Bien entendu, journalistes et médias palestiniens sont les premiers et les plus lourdement touchés mais les rapports de « Reporters sans Frontières » (RSF) révèlent que professionnels et titres étrangers ou israéliens sont également visés.
- Naplouse, avril 2003.
- Le père de l’enfant travaillait pour Reuters. Il a été tué par balles alors qu’il était
nettement identifiable, son camescope professionnel sur l’épaule.
Obstacles à la libre expression : la censure, très dure, est organisée par l’armée et le risque d’incarcération des journalistes palestiniens est permanent. En Israël, les méthodes varient quelque peu : c’est le renvoi d’un animateur radio ayant critiqué les actions dans les Territoires Occupés, c’est la publication d’une brochure destinée aux médias : on ne dira pas « victimes » mais « morts », les colonies seront appelées « localités » ou « bourgades »… Les médias étrangers n’échappent pas aux pressions : ainsi, CNN qui avait parlé, en 2002, de « terrorisme d’Etat » se voit menacée d’être privée de l’utilisation du satellite israélien, au bénéfice de Fox News. La BBC, passant un documentaire sur Sabra et Chatila, est accusée de « véhiculer des propos anti-israéliens et d’encourager le terrorisme ».

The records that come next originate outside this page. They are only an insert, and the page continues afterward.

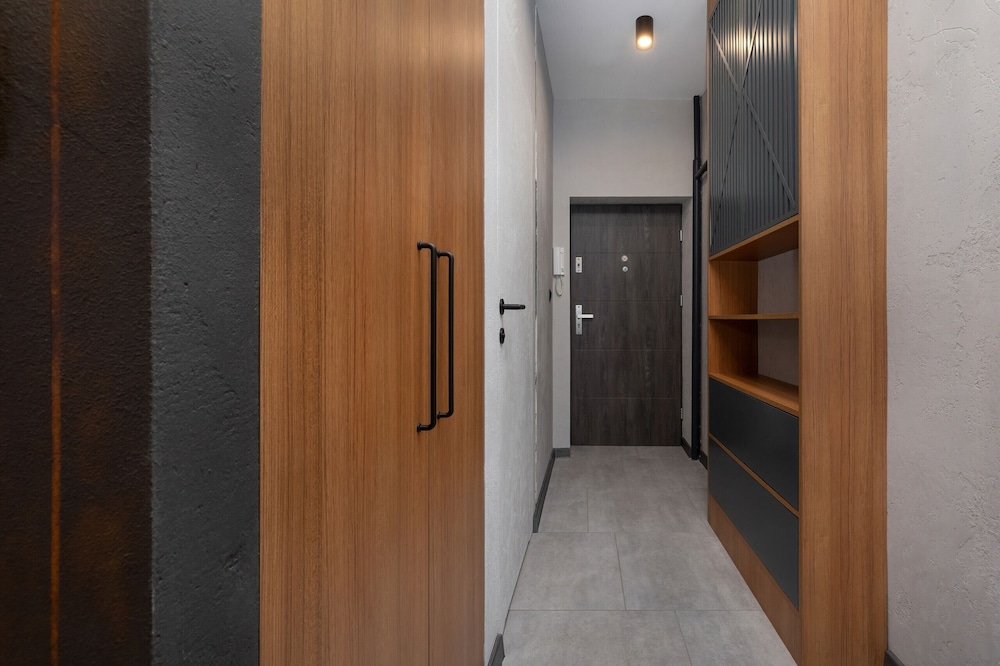 Gdynia Downtown Apartment by Renters view 4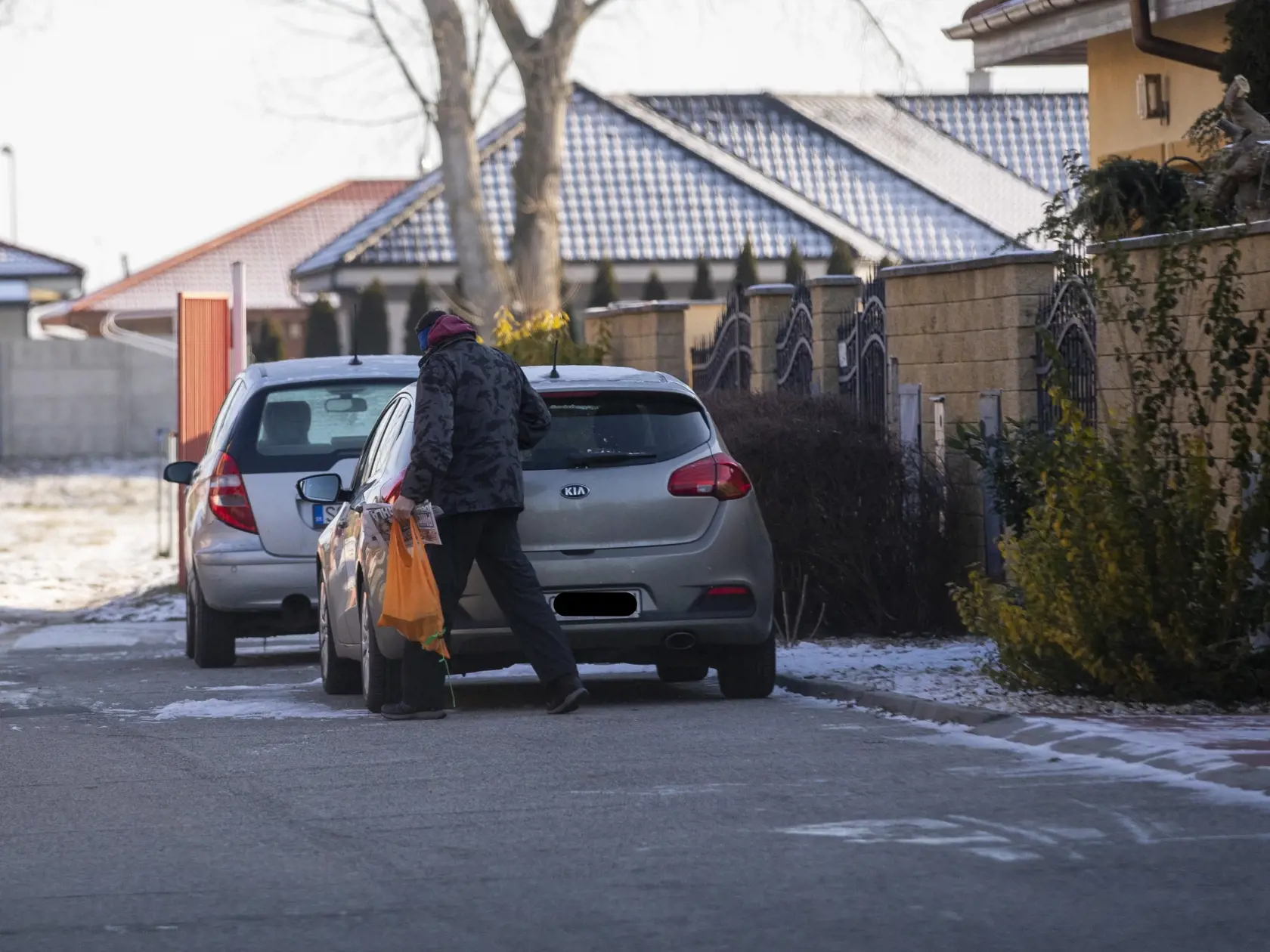 Dobroslav Trnka pred jeho domom v Hamuliakove. Aktuálne sa opäť rieši kauza Glance house.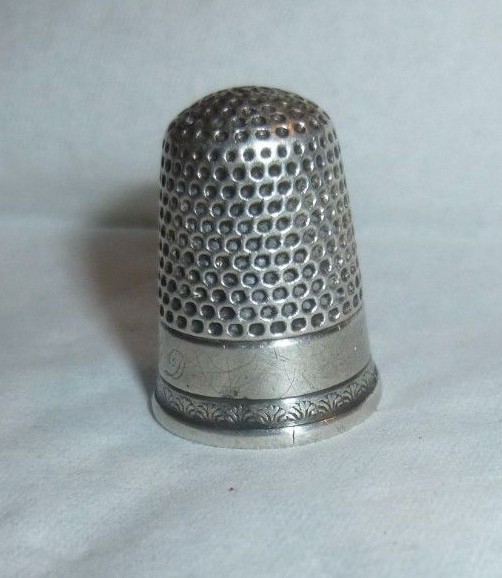 Antique Sterling Silver Palmettes Pattern Thimble Early Unmarked MYD Monogram
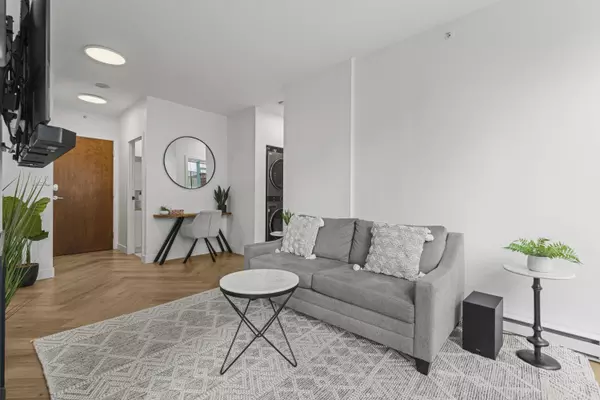 1238 Burrard ST #603, Vancouver, BC V6Z 3E1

Enormes difficultés, aussi, pour se déplacer, bien sûr poussées à l’extrême pour les Palestiniens. Le président du syndicat des Journalistes Palestiniens a son bureau à Jérusalem et ne peut s’y rendre qu’en utilisant des voies de contournement au risque d’être arrêté. Un Palestinien mettra deux heures à atteindre un endroit alors que les journalistes israéliens ou internationaux feront le trajet en quinze minutes et certains lieux leur sont carrément interdits tels que Jérusalem ou Israël. Mais tout n’est pas rose, non plus, pour les étrangers : ce sont des refus d’accréditation, parfois des retenues à l’aéroport avec renvoi dans le pays d’origine. Tous, étrangers ou israéliens, peuvent se voir refuser le passage de barrages militaires, l’entrée dans des villes ou des camps de réfugiés, déclarés zones militaires interdites. L’exemple du camp de réfugiés de Jénine, en avril 2002, est bien connu. Il y eut aussi Bethlehem, Naplouse… villes fermées pendant les « incursions » militaires.
Il y a les difficultés matérielles, énormes pour les Palestiniens : de nombreuses infrastructures ont été détruites et le manque de moyens financiers empêche le remplacement de ce qui a disparu ou de ce qui est obsolète. De plus, les annonceurs se font rares du fait de la crise économique sévère. En 2002, dix radios et chaînes de télévision privées ont été ravagées pendant l’occupation de Ramallah et les pertes sont estimées à 700 000 dollars. Caméras brisées, cassettes confisquées, matériel d’enregistrement mis hors d’usage ou récupéré… tout se voit, tant dans les bureaux des médias que sur le terrain, surtout à l’égard des professionnels palestiniens mais aussi vis-à-vis de journalistes d’autres nationalités.
Ce sont, enfin, les agressions physiques : coups, humiliations, retenues arbitraires, arrestations et détentions administratives, pendant plusieurs mois parfois, blessures par balles et mort. Ce sont, là aussi, les Palestiniens les plus atteints. Mais Israéliens et étrangers ne sont pas à l’abri et c’est un journaliste américain de la chaîne de télévision ABC qui se plaint en ces termes : « il est dur de travailler quand on devient une cible ».
« Reporters sans Frontières » confirme les blessés par balles et les morts. Les versions des « accidents » divergent régulièrement : pour l’armée, il y avait « affrontement en cours » et « balle perdue »… alors que les journalistes blessés ou les témoins d’assassinats font souvent état d’actes délibérément ciblés sur le journaliste ou son véhicule, excluant hasard ou malchance. Lorsque la pression médiatique internationale l’y oblige, l’armée fait « une enquête bâclée et sans suite », selon RSF. Entre septembre 2000 et juillet 2003, « Reporters sans Frontières » dénombre cinq morts et décrit des dizaines d’agressions. L’une d’entre elles, est très significative de la dégradation de la situation : à Tulkarem, sous couvre-feu, un journaliste et un photographe du journal israélien Haaretz ont essuyé des tirs alors qu’ils se déplaçaient à bord d’un taxi immatriculé en Israël.
En Palestine, c’est quotidiennement et par tous les moyens que les journalistes sont empêchés de travailler.